**Instructions to follow:**
Could you give back every record below exactly, leaving out the pictures?

**Exercise material:**

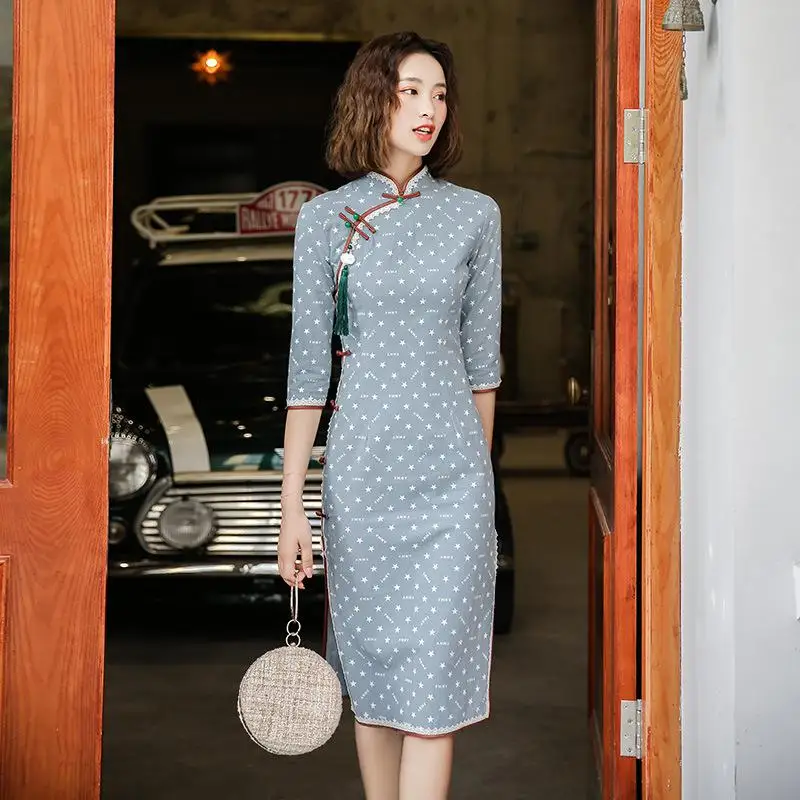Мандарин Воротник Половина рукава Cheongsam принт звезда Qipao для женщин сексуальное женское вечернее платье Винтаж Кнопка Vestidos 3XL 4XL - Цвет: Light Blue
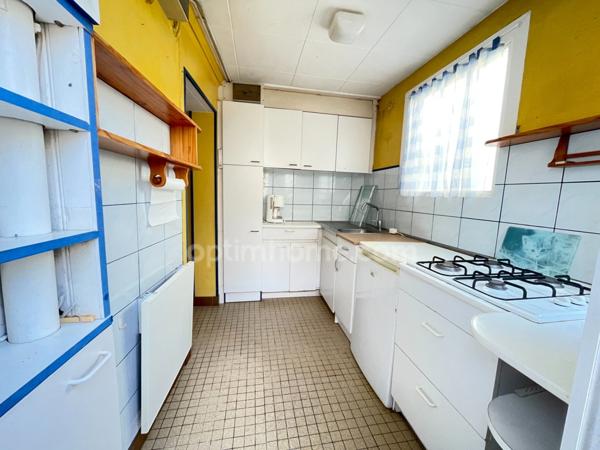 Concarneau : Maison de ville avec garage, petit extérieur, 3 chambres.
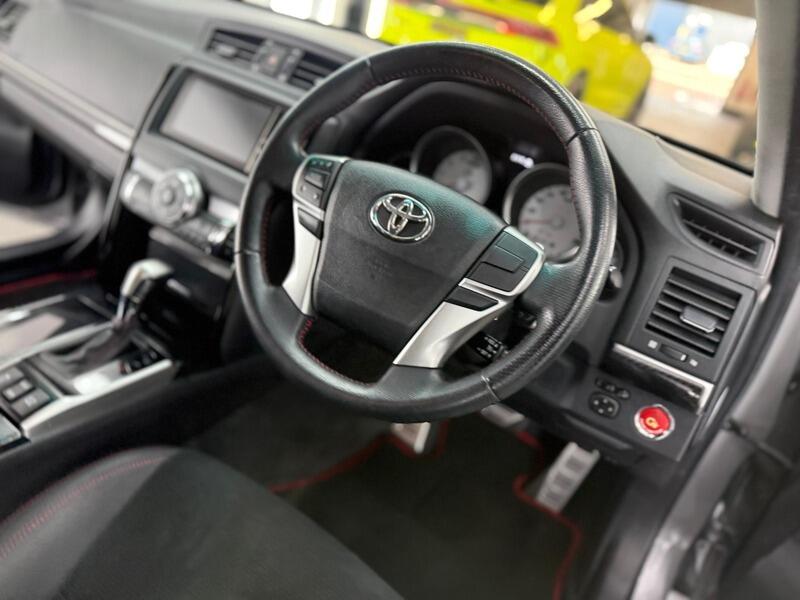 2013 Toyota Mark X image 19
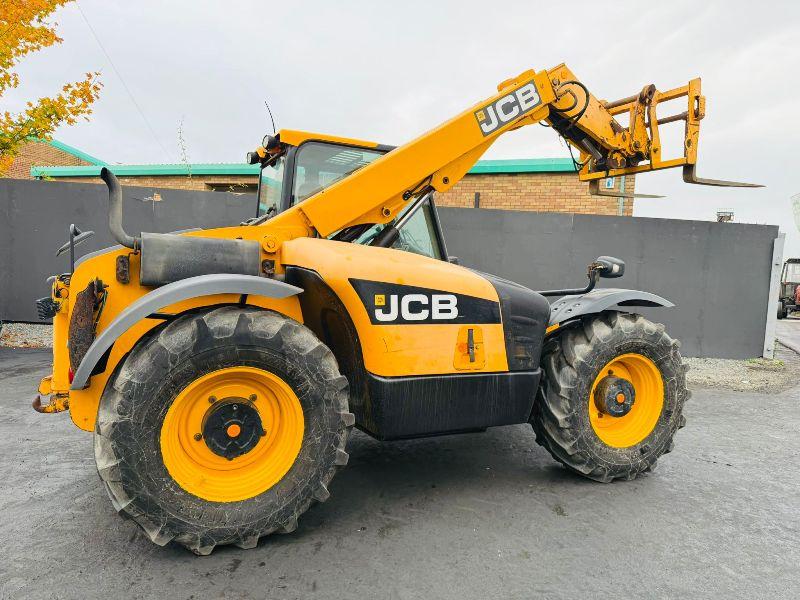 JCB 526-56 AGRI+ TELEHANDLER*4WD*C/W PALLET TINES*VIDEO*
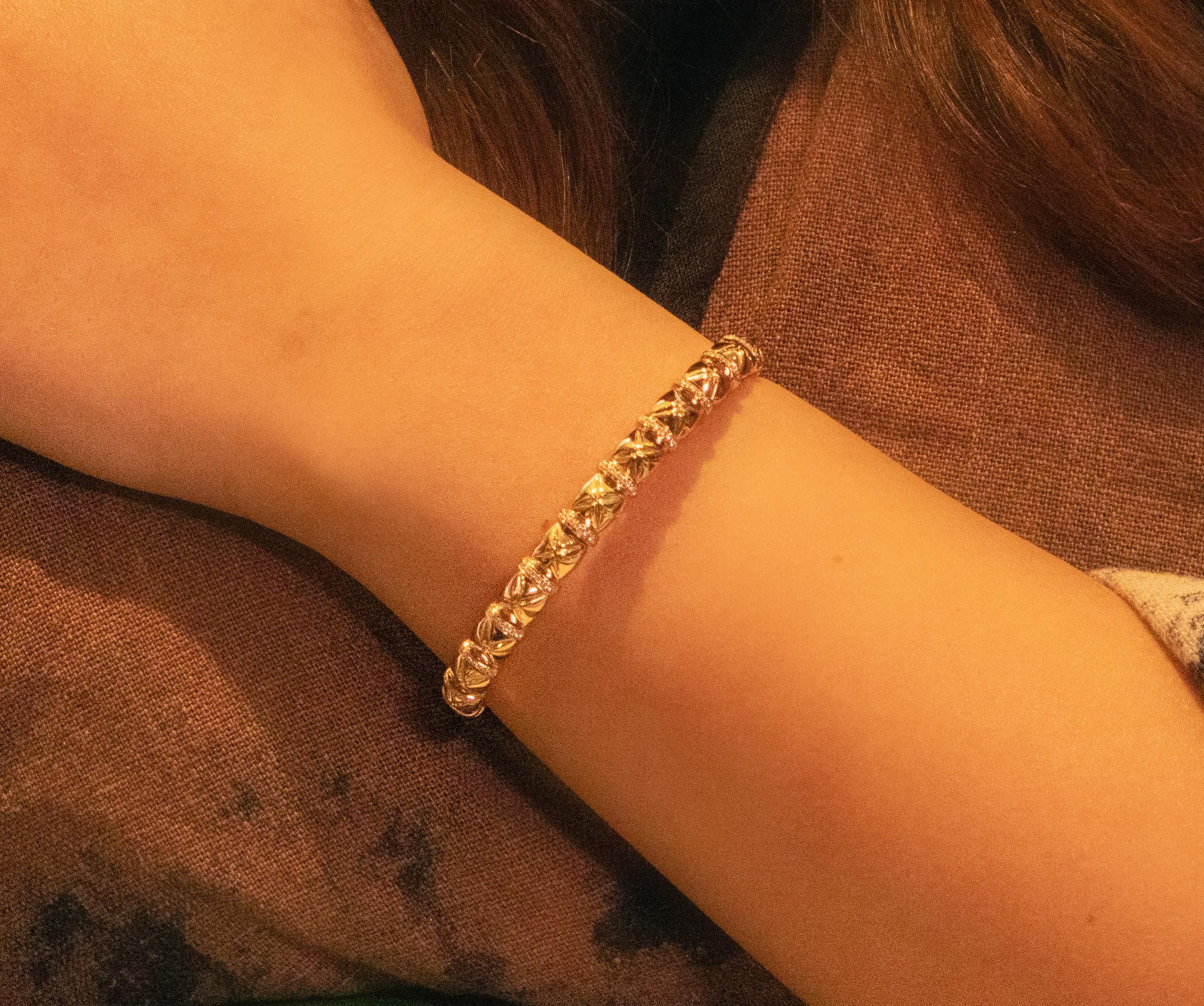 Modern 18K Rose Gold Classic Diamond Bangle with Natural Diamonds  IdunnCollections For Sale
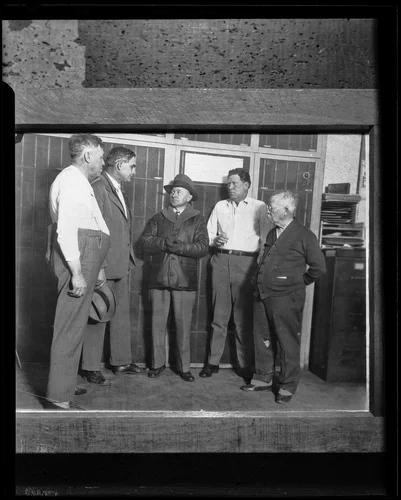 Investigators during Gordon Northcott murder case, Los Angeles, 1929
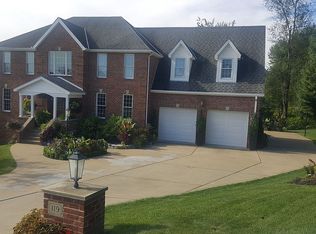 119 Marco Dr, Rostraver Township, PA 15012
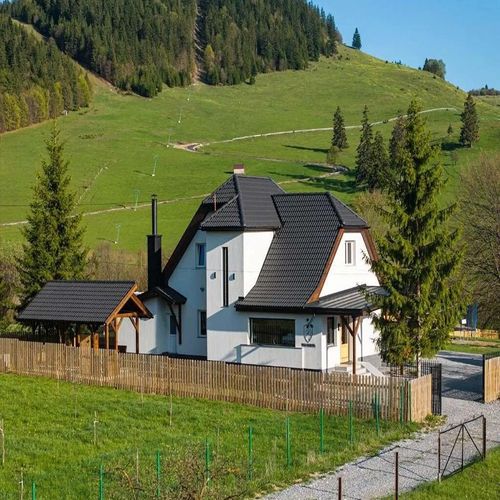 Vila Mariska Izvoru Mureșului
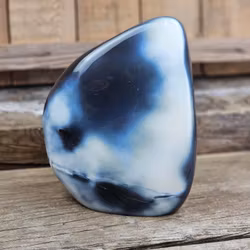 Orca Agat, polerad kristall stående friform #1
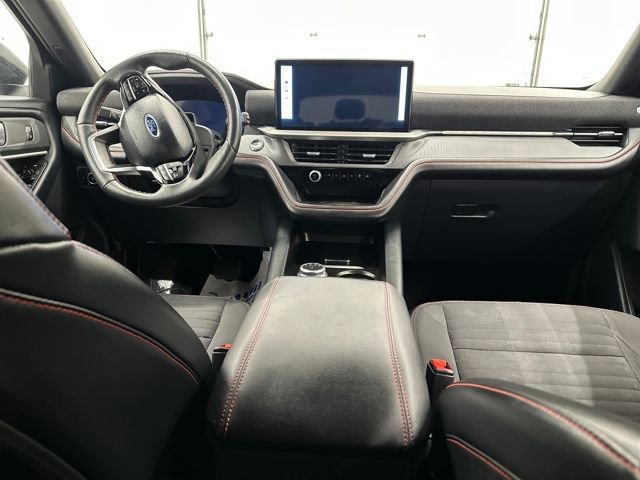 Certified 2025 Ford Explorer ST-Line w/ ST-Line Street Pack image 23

**Exercise output:**
Мандарин Воротник Половина рукава Cheongsam принт звезда Qipao для женщин сексуальное женское вечернее платье Винтаж Кнопка Vestidos 3XL 4XL - Цвет: Light Blue
 Concarneau : Maison de ville avec garage, petit extérieur, 3 chambres.
 2013 Toyota Mark X image 19
 JCB 526-56 AGRI+ TELEHANDLER*4WD*C/W PALLET TINES*VIDEO*
 Modern 18K Rose Gold Classic Diamond Bangle with Natural Diamonds  IdunnCollections For Sale
 Investigators during Gordon Northcott murder case, Los Angeles, 1929
 119 Marco Dr, Rostraver Township, PA 15012
 Vila Mariska Izvoru Mureșului
 Orca Agat, polerad kristall stående friform #1
 Certified 2025 Ford Explorer ST-Line w/ ST-Line Street Pack image 23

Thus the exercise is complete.